Syntactic complexity and language contact: A corpus-based study of relative clauses in British English and Indian English
DOI:
https://doi.org/10.14198/raei.2017.30.06Keywords:
Syntactic complexity, Language contact, Relative clauses, British English, Indian English, VariationAbstract
The aim of the present paper is to test the claim that contact simplifies language (cf. Kusters, 2008) by comparing the domain of relative clause formation in British English, a L1 variety, and Indian English, a L2 variety. According to Hawkins (1999), the processing cost of relativizing a noun phrase increases down the Accessibility Hierarchy (Subject > Direct Object> Indirect Object > Oblique > Genitive> Object of Comparison) proposed by Keenan and Comrie (1977). Subject relative clauses are thus easier to process than direct object relatives, and so on.
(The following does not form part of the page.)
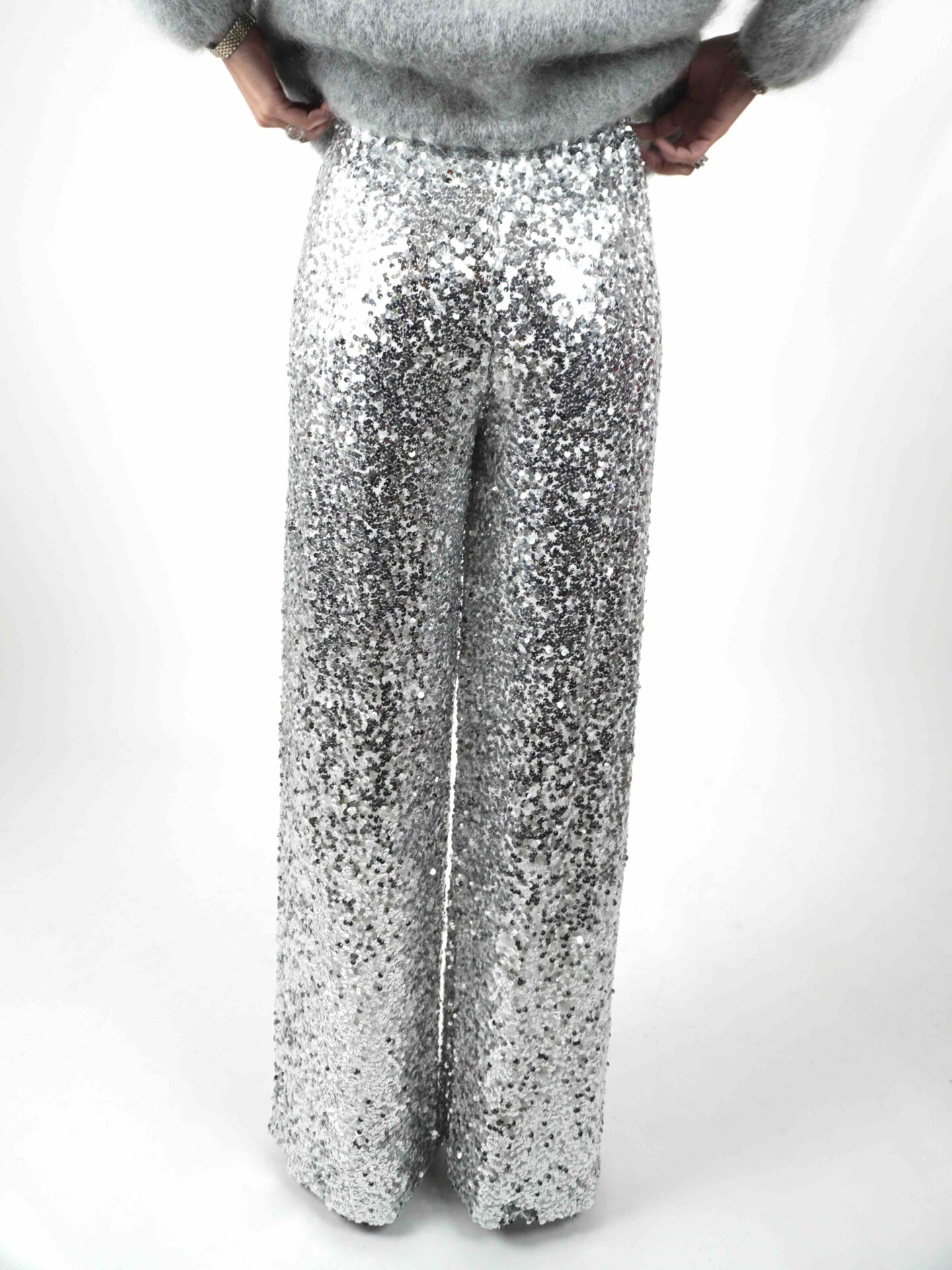 Edited in Tezza with: Brightness, Exposure, Shadows, & Highlights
The results of a corpus study of the British and Indian components of the International Corpus of English show that the Accessibility Hierarchy has an indirect effect on the production of relative clauses in British English and Indian English: whereas the distribution of relative clauses with respect to the hierarchy is very similar in both varieties, the number of complex relatives, i.e., with coordination or further embedding, decreases in the lower positions in Indian English. These results thus suggest that language contact plays a significant role in relative clause use and accounts for certain differences between L1 and L2 varieties of English in this grammatical domain.